_WORK INSTRUCTIONS_: Please copy, exactly as they appear below, the lines from the one containing "Phone Holder Folding" through the one containing "Billionaire logo-print cotton".

_Saved entries_:

<<<<

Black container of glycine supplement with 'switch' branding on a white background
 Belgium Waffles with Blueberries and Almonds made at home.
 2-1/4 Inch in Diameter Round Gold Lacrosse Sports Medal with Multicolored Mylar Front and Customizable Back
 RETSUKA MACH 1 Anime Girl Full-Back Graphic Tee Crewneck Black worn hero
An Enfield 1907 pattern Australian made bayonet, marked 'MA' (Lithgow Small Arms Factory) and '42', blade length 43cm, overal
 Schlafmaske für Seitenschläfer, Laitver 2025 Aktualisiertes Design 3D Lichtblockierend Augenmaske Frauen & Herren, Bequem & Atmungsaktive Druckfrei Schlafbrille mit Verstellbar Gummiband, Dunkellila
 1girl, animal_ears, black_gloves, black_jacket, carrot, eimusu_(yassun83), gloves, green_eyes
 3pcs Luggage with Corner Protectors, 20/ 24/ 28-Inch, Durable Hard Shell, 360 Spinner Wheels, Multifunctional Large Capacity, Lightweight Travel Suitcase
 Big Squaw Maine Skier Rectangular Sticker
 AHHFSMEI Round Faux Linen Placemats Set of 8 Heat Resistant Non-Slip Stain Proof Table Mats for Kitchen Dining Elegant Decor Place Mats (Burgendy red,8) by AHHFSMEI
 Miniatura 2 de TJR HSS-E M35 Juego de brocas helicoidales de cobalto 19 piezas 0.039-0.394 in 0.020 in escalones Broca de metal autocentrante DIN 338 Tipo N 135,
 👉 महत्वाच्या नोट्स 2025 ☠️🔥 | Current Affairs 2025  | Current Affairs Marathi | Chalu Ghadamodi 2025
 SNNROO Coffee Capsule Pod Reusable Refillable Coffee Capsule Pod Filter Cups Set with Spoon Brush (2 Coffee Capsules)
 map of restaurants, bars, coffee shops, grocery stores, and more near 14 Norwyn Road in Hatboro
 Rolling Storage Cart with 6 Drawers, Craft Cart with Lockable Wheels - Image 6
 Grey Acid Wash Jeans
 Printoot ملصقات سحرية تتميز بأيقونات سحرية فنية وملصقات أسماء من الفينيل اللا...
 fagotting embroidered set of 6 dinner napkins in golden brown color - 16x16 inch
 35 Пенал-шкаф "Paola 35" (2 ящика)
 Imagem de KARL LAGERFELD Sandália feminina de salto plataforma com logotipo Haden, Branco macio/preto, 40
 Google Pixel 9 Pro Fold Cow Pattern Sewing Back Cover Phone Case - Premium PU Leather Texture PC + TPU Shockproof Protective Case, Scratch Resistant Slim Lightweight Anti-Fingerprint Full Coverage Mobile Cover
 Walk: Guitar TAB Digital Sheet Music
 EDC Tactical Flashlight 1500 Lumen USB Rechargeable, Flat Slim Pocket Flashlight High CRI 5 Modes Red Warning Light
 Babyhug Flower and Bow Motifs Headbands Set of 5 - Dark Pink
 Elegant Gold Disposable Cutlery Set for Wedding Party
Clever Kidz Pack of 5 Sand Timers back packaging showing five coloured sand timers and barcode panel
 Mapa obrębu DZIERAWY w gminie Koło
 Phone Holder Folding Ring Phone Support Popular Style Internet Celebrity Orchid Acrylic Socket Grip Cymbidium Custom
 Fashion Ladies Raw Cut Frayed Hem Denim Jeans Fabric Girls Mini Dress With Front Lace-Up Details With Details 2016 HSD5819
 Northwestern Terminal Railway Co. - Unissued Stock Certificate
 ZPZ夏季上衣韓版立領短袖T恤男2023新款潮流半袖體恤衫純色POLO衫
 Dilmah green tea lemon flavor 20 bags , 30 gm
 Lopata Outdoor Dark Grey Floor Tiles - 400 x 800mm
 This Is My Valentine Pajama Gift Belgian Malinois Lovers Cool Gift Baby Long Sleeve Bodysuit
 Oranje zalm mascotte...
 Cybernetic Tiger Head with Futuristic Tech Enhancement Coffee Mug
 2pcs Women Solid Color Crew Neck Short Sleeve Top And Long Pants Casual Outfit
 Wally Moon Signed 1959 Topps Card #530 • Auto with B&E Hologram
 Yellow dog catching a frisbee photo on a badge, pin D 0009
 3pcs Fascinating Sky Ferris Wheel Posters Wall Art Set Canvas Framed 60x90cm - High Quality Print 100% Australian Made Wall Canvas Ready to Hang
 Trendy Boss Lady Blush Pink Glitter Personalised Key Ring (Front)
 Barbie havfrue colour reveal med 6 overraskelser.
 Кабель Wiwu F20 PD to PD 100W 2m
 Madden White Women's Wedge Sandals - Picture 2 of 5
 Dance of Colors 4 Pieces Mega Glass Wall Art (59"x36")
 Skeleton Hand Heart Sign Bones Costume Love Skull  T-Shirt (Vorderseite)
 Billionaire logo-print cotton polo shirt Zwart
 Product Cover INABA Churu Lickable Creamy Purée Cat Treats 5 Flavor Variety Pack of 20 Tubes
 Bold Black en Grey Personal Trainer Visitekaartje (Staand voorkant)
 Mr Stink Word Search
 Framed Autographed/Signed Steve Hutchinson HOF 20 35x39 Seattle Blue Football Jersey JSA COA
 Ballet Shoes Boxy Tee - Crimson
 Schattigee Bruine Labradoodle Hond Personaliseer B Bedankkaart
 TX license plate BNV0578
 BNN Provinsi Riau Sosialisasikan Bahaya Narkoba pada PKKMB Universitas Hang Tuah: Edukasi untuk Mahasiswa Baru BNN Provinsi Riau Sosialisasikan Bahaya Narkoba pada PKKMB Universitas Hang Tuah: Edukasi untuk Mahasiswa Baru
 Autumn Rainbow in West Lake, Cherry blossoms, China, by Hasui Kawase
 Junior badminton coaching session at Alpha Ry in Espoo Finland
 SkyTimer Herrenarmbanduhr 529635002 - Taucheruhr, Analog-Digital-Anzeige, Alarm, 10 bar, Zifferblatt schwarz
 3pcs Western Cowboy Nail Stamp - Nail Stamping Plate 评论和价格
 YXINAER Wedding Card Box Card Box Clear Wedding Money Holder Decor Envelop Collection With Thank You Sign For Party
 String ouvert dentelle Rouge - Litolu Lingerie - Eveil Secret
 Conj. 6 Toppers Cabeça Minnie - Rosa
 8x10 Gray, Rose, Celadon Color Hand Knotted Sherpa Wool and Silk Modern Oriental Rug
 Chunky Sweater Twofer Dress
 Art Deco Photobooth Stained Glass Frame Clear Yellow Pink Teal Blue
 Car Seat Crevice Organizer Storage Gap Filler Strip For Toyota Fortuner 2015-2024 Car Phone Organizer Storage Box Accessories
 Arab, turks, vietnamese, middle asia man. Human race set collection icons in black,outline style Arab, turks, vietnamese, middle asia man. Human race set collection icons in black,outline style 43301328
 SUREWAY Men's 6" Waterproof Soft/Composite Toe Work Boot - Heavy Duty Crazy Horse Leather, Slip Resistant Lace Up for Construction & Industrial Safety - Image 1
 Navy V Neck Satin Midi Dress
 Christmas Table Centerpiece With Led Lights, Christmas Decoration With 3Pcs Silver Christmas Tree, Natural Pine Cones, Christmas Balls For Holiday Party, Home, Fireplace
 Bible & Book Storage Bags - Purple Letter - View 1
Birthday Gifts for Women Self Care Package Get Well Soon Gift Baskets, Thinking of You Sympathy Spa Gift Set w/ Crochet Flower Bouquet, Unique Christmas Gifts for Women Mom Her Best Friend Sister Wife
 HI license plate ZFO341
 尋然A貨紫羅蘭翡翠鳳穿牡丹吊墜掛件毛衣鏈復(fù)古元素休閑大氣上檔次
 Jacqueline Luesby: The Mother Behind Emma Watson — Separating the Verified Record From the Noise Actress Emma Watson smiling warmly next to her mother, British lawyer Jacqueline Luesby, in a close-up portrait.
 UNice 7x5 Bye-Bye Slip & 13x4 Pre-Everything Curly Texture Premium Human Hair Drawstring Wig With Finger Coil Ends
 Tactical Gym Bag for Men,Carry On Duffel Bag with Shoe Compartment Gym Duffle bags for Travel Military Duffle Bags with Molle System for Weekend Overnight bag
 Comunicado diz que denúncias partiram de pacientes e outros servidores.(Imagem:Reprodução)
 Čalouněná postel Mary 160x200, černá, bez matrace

>>>>

_ANSWER BOX_:
 Phone Holder Folding Ring Phone Support Popular Style Internet Celebrity Orchid Acrylic Socket Grip Cymbidium Custom
 Fashion Ladies Raw Cut Frayed Hem Denim Jeans Fabric Girls Mini Dress With Front Lace-Up Details With Details 2016 HSD5819
 Northwestern Terminal Railway Co. - Unissued Stock Certificate
 ZPZ夏季上衣韓版立領短袖T恤男2023新款潮流半袖體恤衫純色POLO衫
 Dilmah green tea lemon flavor 20 bags , 30 gm
 Lopata Outdoor Dark Grey Floor Tiles - 400 x 800mm
 This Is My Valentine Pajama Gift Belgian Malinois Lovers Cool Gift Baby Long Sleeve Bodysuit
 Oranje zalm mascotte...
 Cybernetic Tiger Head with Futuristic Tech Enhancement Coffee Mug
 2pcs Women Solid Color Crew Neck Short Sleeve Top And Long Pants Casual Outfit
 Wally Moon Signed 1959 Topps Card #530 • Auto with B&E Hologram
 Yellow dog catching a frisbee photo on a badge, pin D 0009
 3pcs Fascinating Sky Ferris Wheel Posters Wall Art Set Canvas Framed 60x90cm - High Quality Print 100% Australian Made Wall Canvas Ready to Hang
 Trendy Boss Lady Blush Pink Glitter Personalised Key Ring (Front)
 Barbie havfrue colour reveal med 6 overraskelser.
 Кабель Wiwu F20 PD to PD 100W 2m
 Madden White Women's Wedge Sandals - Picture 2 of 5
 Dance of Colors 4 Pieces Mega Glass Wall Art (59"x36")
 Skeleton Hand Heart Sign Bones Costume Love Skull  T-Shirt (Vorderseite)
 Billionaire logo-print cotton polo shirt Zwart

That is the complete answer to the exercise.